Freaked out…Might that be a good way to describe the reaction that’s dependably triggered in me by CNN’s constantly “breaking news?” We’ve circled back to the start of our conversation—to my casual comment that I might have become an outrage addict. “I need to think about this,” I say to the young man. “Could we talk later?”
“Sure,” he says.
We separate. I climb up on the vertical leg raise station to work on my abs of steel. The young man goes off to lean on a padded weight bench, work on his deltoids and trapezii.
I gave up paying any attention to the news for Lent…
I still cannot imagine doing this without a frisson of what feels suspiciously like withdrawal. Which is something I know quite a bit about since I’m an alcoholic. Sure, I’ve been in recovery for over two-and-a-half decades, but I never kid myself: My drinking may be in remission, but my romance with self-destructive, addictive behavior is not.
By addictive behavior, I mean anything I compulsively engage in to alter the way I feel.
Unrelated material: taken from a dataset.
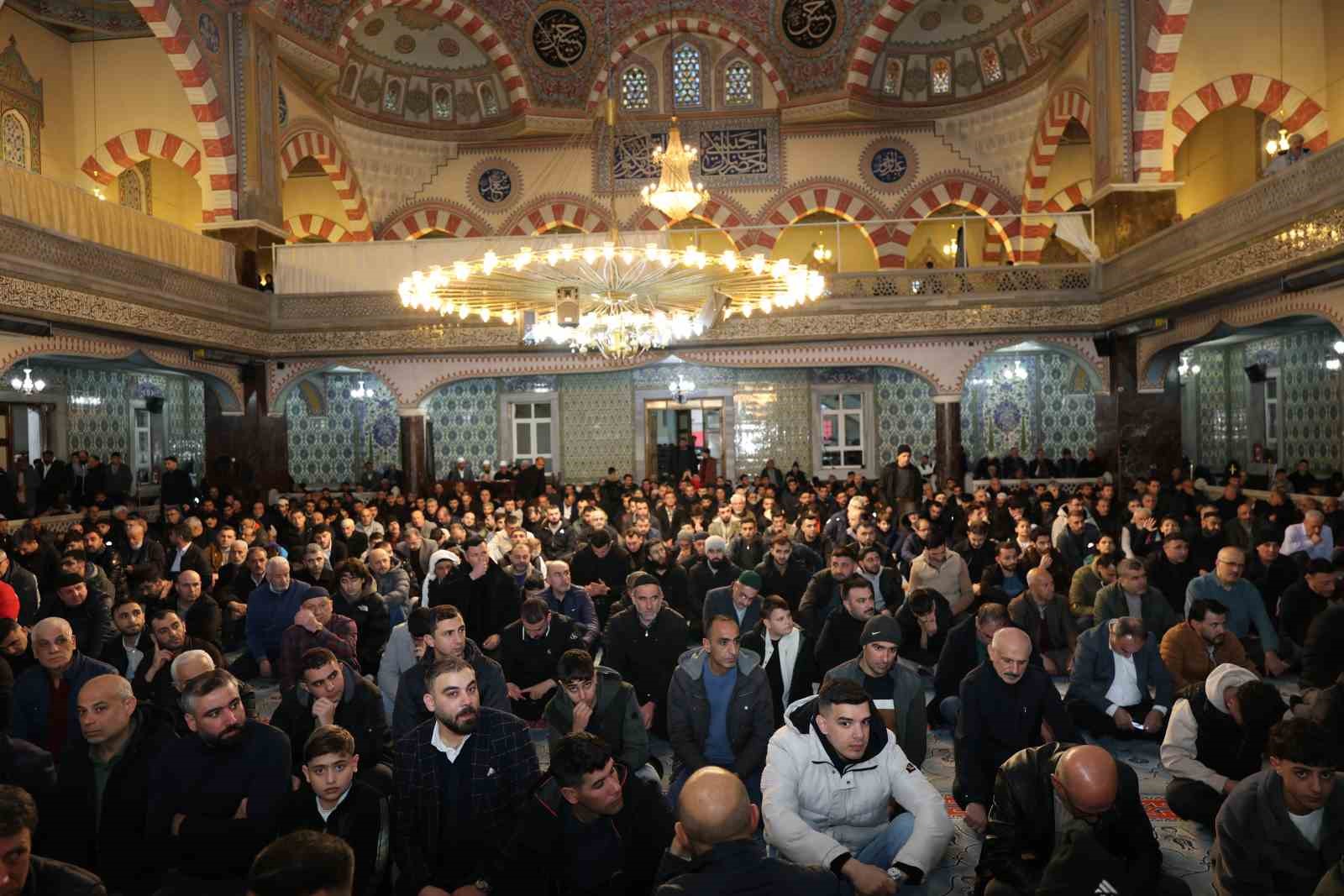 Elazığ’da Ramazan Bayramı namazında camiler doldu taştı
By self-destructive addictive behavior, I mean something I either do, or give headroom to, that is guaranteed to make me feel bad.
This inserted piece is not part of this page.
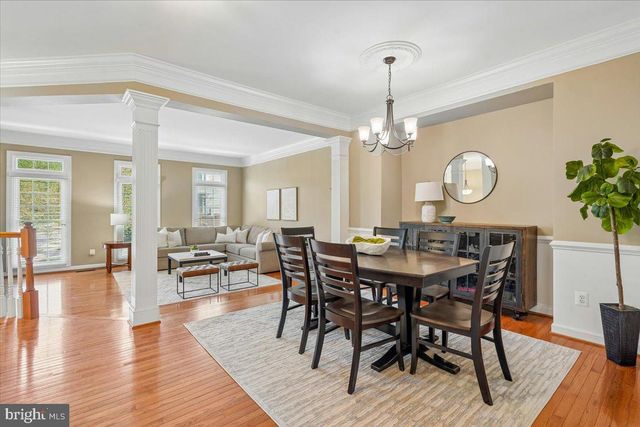12484 ROSE PATH CIR, Fairfax, VA 22033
Historically, these behaviors have had a pattern:
- An innocuous behavior begins to trigger guilt or anxiety or some other unpleasant feeling;
- My indulgence in this behavior escalates;
- I reason with myself—the behavior is harmless, ergo, feeling bad about doing it is stupid;
- Reason fails;
- The choice becomes wallow in the bad feeling or stop the behavior that induces it;
- When I stop the behavior, what I really miss is the dependable jolt of whatever bad feeling it provoked.
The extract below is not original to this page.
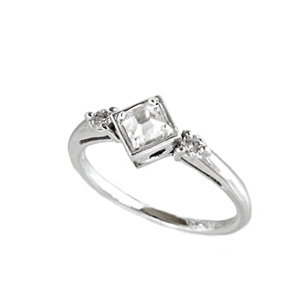 photo:18K White Gold solitaire Diamond design ring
Diet sodas come to mind. I drank them in moderation for years until drinking them began to trigger feelings of guilt. After which my consumption escalated ridiculously. And when I gave them up, what I really missed were those dependable surges of guilt.
The young man in the gym has begun doing something impressive with a heavily laden barbell. I walk over and wait for him to finish. He smiles at me, so I assume it’s okay to jump back into our earlier conversation. “I’m in long-term recovery from alcohol,” I say. “I’m not sure I was physically addicted, but I was certainly psychologically dependent. I had a lot of anger in my head left over from my childhood, and I think I mostly drank to escalate that anger. Perhaps to purge it or something, but whatever the reason was behind it, drinking made me act it out in ways that made me feel even worse.”
The young man appears to be thinking again. He obviously has made it a habit to think before he speaks. I, on the other hand, am a splatter: If I think it, out it comes. His thinking done, he nods and says, “Makes sense to me. After all, addiction happens when you know the feeling you want, you know the behavior that will generate it, and so you engage in that behavior.”
“But it wasn’t good feelings I drank to generate,” I say. “It was bad feelings.”
This gets yet another shrug. This time, an amused one. “Like outrage?”
Yes indeedy! I think. One thousand, million, trillion percent like outrage! I glance up at CNN again. Pundits are now pontificating. They, too, seem outraged. I look around at our fellow gym rats. Almost all of them who are not actively engaged in working out are checking their phones and scowling or eying CNN and scowling.
Is outrage becoming America’s trending drug of choice? Have opioids and oxy become so last year?
A vision of a caged hamster constantly running on a wheel pops into my head.
That’s me and the news, I think. Around and around and around I go, getting nowhere.